The scale looks to be a little smaller that 1/24. In spite of some vendors saying they're 1/30, which I think is incorrect (my horse stands 2.25" at the shoulders). There's a larger set, and here's the best deal I saw on it:

http://www.3000toys.com/New-ray-Deluxe-Big-Western-Town-Playset-Dimensions/sku/NEW-RAYSS-38465

They also produce present-day rodeo / equestrian sets. 

http://www.3000toys.com/New-ray-Western-Rodeo-Cowboy/sku/NEW-RAY76704

http://www.3000toys.com/New-ray-Riding-Academy-Equestrian-Stable-Set/sku/NEW-RAY37165-C

http://www.3000toys.com/New-ray-Riding-Academy-Equestrian-Winners-Circle-Set/sku/NEW-RAY37165-A

http://www.3000toys.com/New-ray-Riding-Academy-Equestrian-Jumping-Set/sku/NEW-RAY37165-B

===>Cliffy


----------



## DennisB (Jan 2, 2008)

The house shown is a 1:32 scale. It is very small.


----------



## JerryB (Jan 2, 2008)

Cliffy:

Most common American riding horses range from a little over 5' to a little less than 6' at the shoulders.

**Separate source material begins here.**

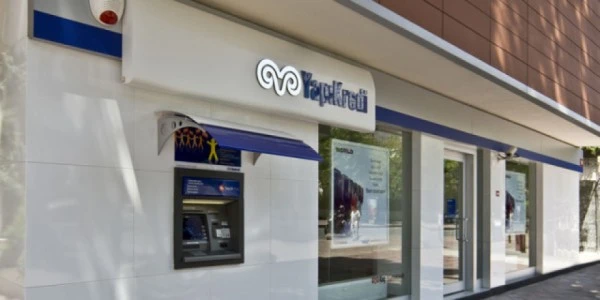 Yapı Kredi 500 milyon dolarlık AT1 tahvil ihracını tamamladı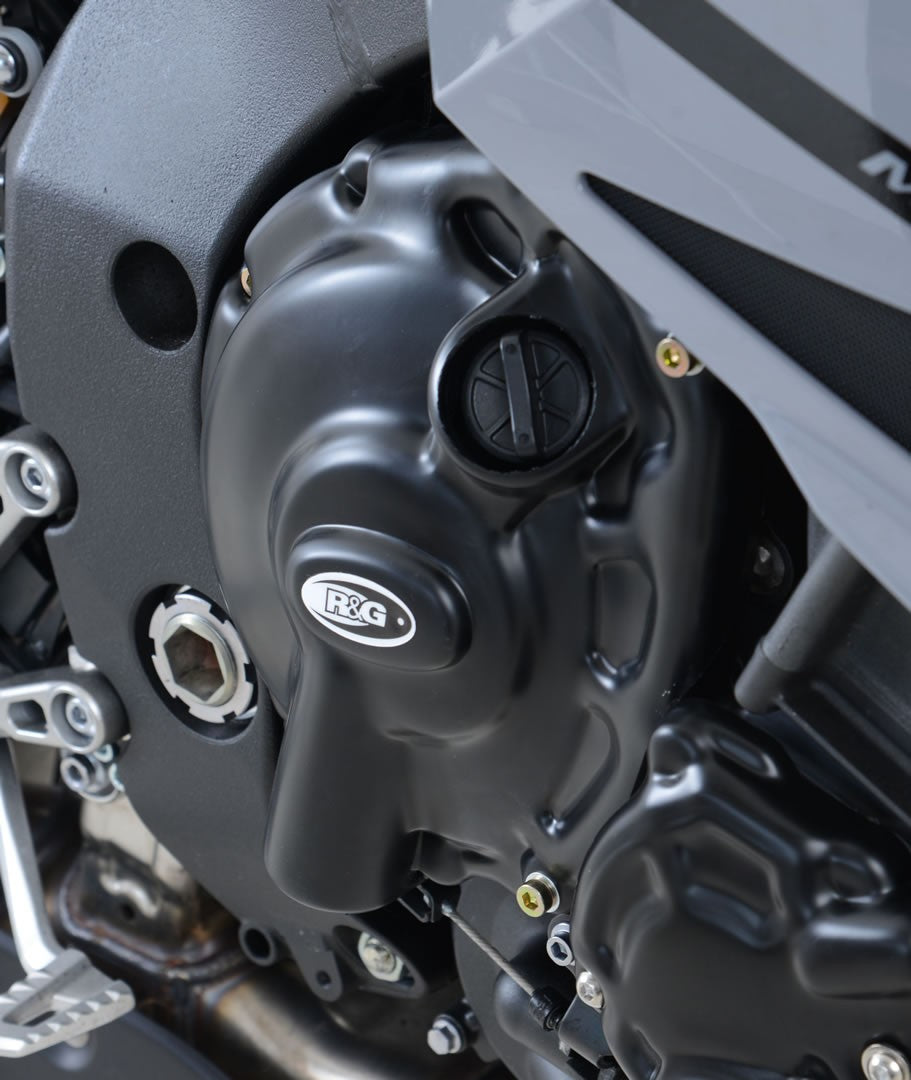 Engine Case Cover Yamaha MT-10 '16- & SP '17-  (RHS - Clutch)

Your measurement of 2.25" is equal to ~54" in 1:24 scale. That is a pretty small horse, probably better thought of as a pony.

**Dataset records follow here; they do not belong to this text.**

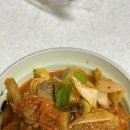 고기왕창김치찌개&제육볶음 이미지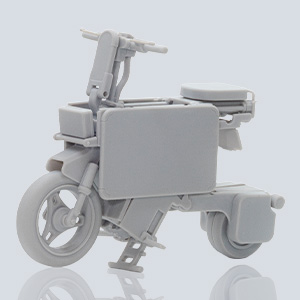 TATAMEL BIKE（タタメルバイク）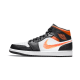 Air Jordan 1 Mid Zig-Zag Air Jordan 1 Mid Zig-Zag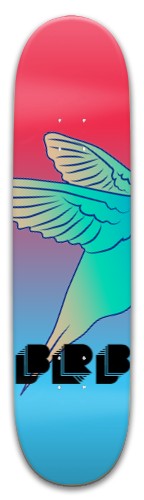 Design 548724 Skateboards, Longboards and Grip Tape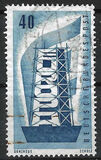 [EUROPA Stamps, type CK1]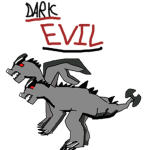 (Sekaiju) Dark Evil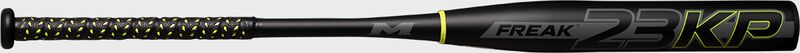 Load image into Gallery viewer, New Miken Freak 23KP 43&quot; (-7) 12&quot; Maxload Slowpitch Bat
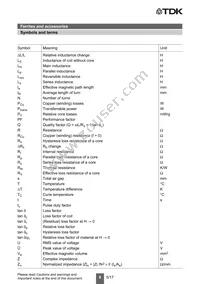 B64290L0618X035 Datasheet Page 6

In 1:30 scale, that would be ~67 1/2". That would be about average for an American riding horse.

The bottom line is that these horses could serve as everything from circus or carnival ponies in 1:20 & 1:24 scale to full size riding horses in 1:32 scale.

Happy Trails,

Jerry


----------



## CliffyJ (Apr 29, 2009)

Like I said guys, "fwiw," haha!


----------



## lotsasteam (Jan 3, 2008)

check the local IFA (inter mountain Farmers Association) they have farm animals in the right scale


----------



## MikeMcL (Apr 25, 2013)

The best source for these New Ray toys and 1:32 tractor trailer trucks is your local "Tractor Supply" store. I usually go right after Christmas and they are about 60% off. Even their everyday price on the western stuff is cheaper than 3000 toys.


----------



## Lorna (Jun 10, 2008)

Just a bit over in 1:20.3 the rough definition of a minature horse. There's a couple of sweeties at a rescue ranch not far away but not sure I am ready for the responsibility yet. 

Anyway, as MikeMcL mentioned I have seen these also at my Tractor Supply and also at the local Cal-Ranch.


----------



## Dan Pierce (Jan 2, 2008)

It may look toyish but I like the playmobil 1/24 horse drawn wagon and I added a USA motor block to the bottom of it and placed a 'pony' truck under the horses.


----------